TASK STATEMENT -
Your answer must be an exact copy of the records below, minus the pictures.

────

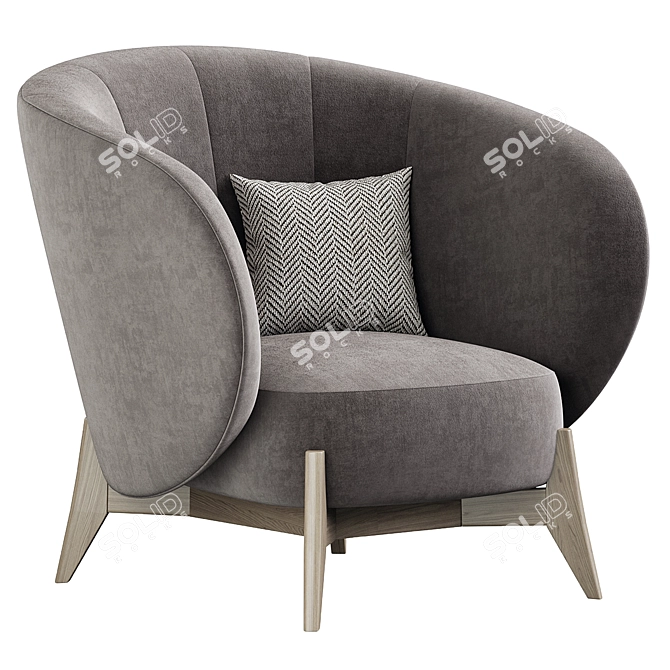 Modern Velvet Pink Accent Chair 3D model image 3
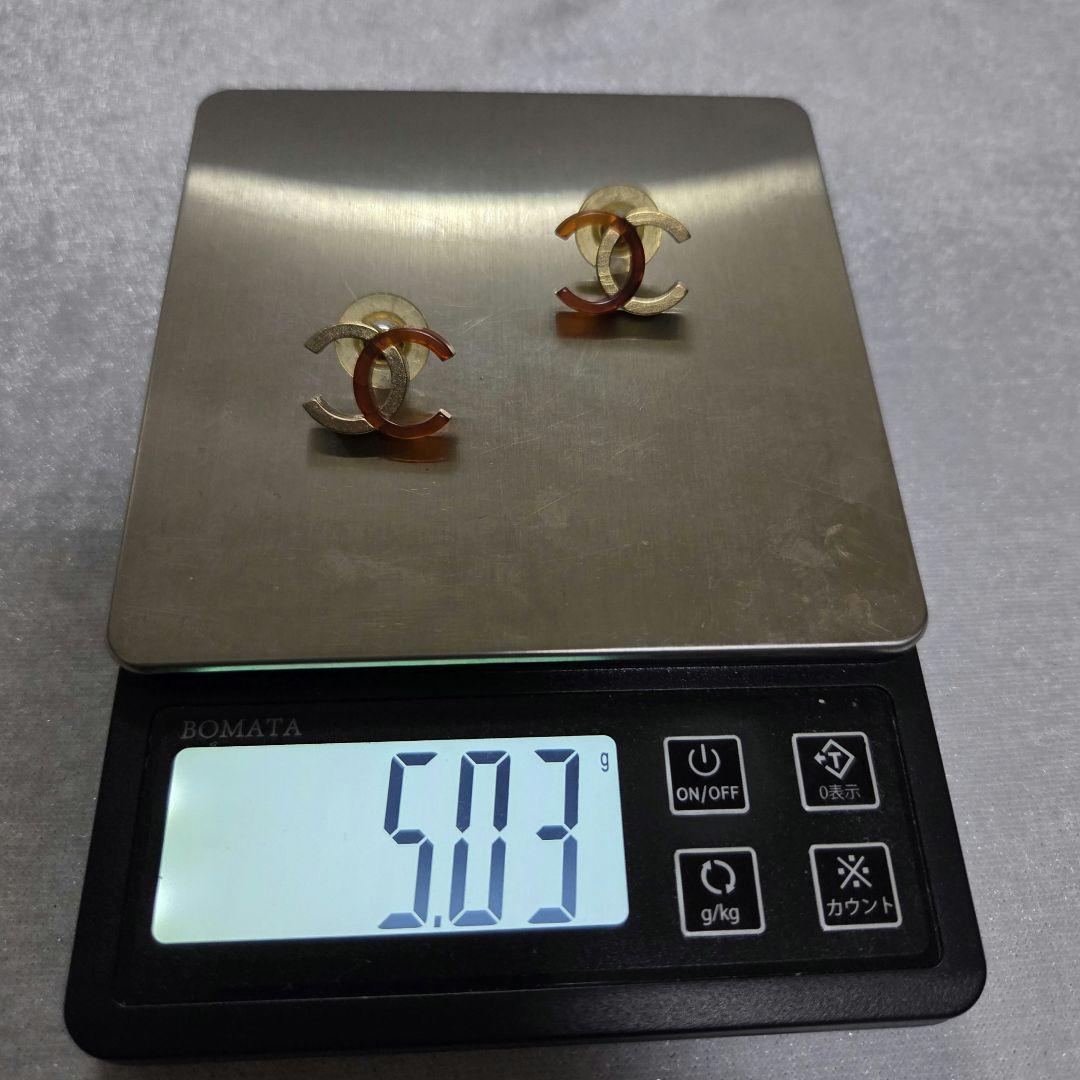 【良品】CHANEL シャネル ココマーク ピアス べっ甲×マットゴールド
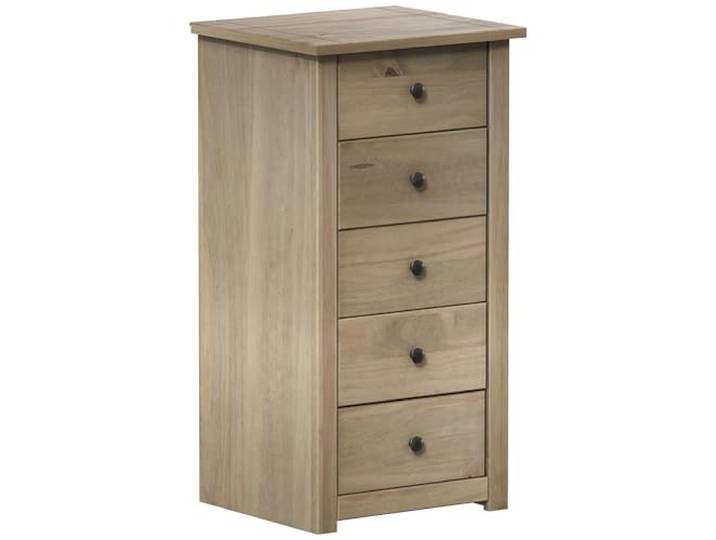 Vida Designs Panama Kommode 5 Schubladen schmal in Natur Wachs Eiche Kiefer massiv Schlafzimmer Möbel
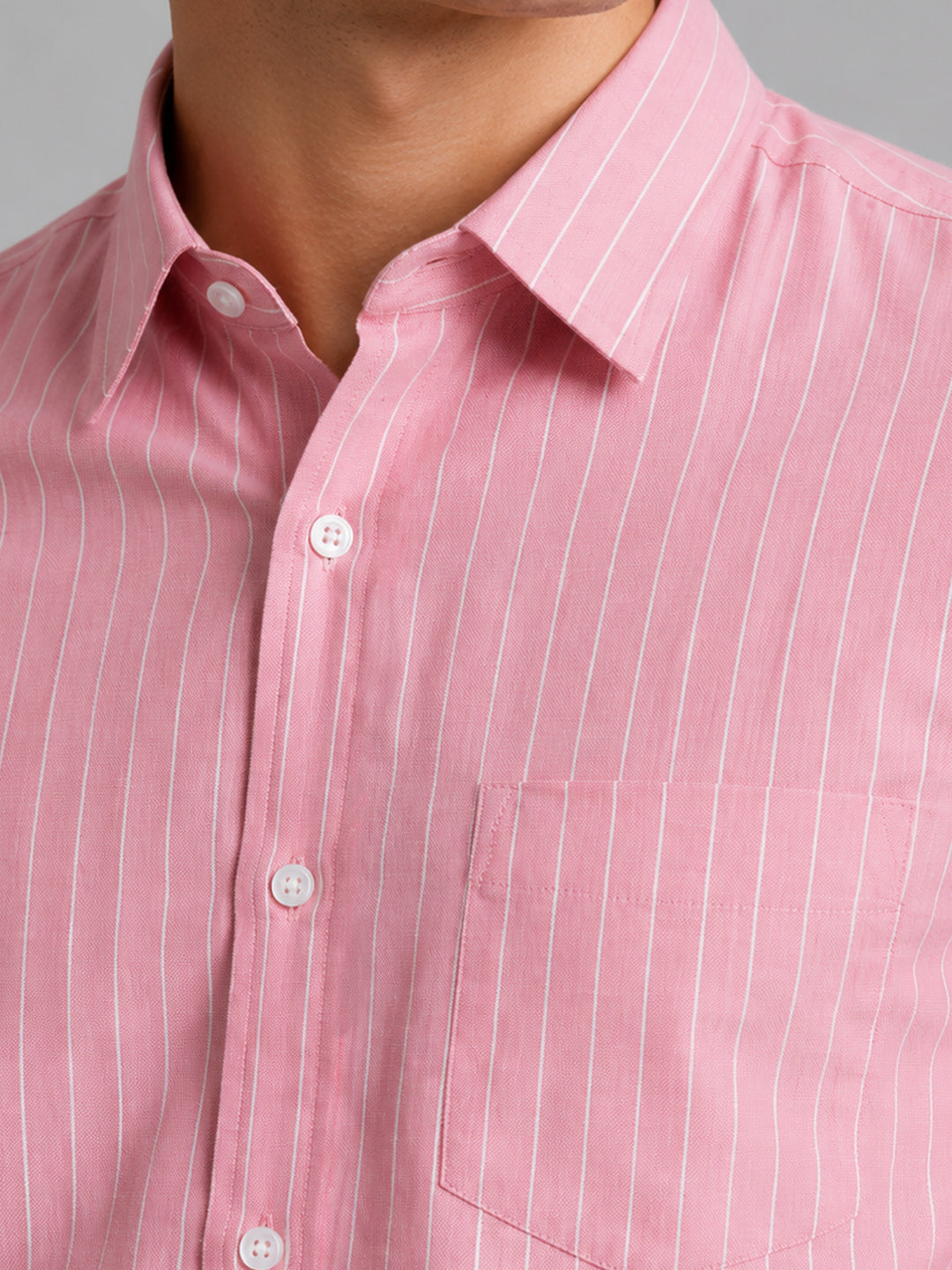 Dark Pink Pinstripe Oxford Shirt For Men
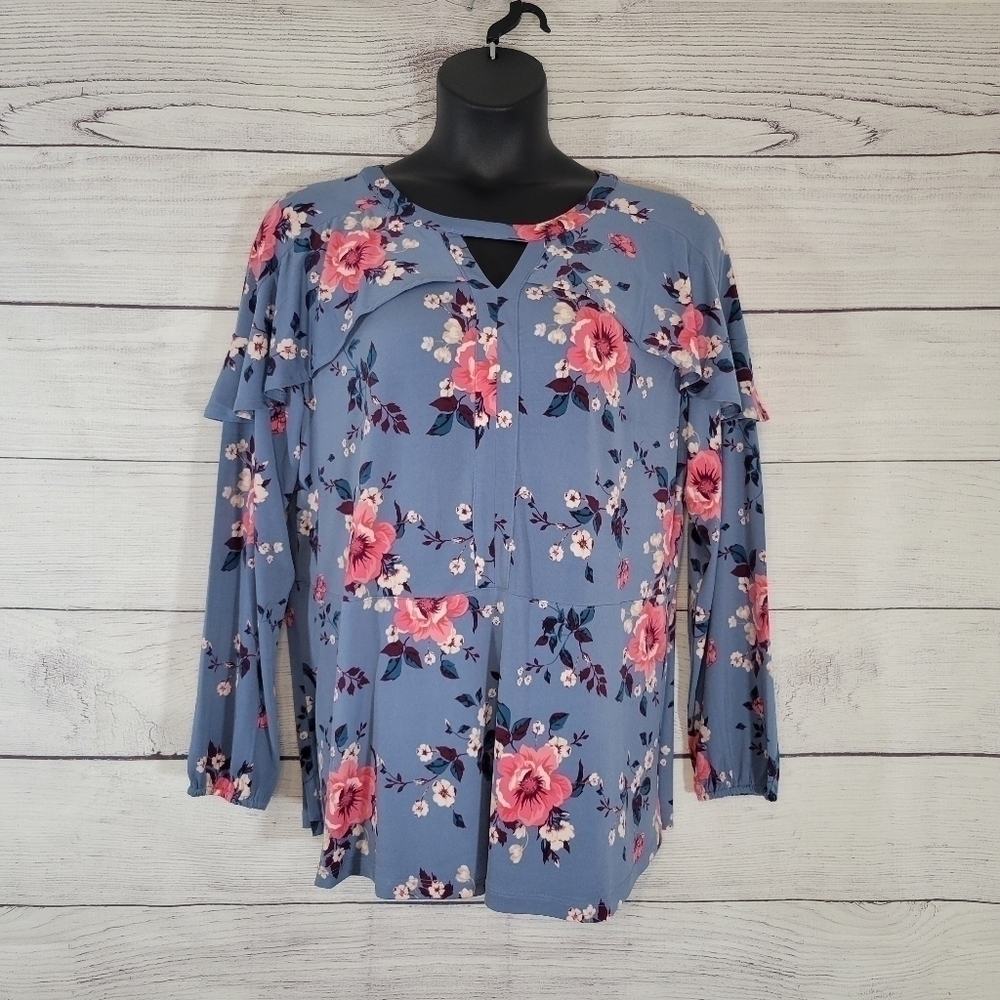 Denim & Co Dusty Blue & Pink Floral Blouse Top Sz 1X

────

TASK SOLUTION -
 Modern Velvet Pink Accent Chair 3D model image 3
 【良品】CHANEL シャネル ココマーク ピアス べっ甲×マットゴールド
 Vida Designs Panama Kommode 5 Schubladen schmal in Natur Wachs Eiche Kiefer massiv Schlafzimmer Möbel
 Dark Pink Pinstripe Oxford Shirt For Men
 Denim & Co Dusty Blue & Pink Floral Blouse Top Sz 1X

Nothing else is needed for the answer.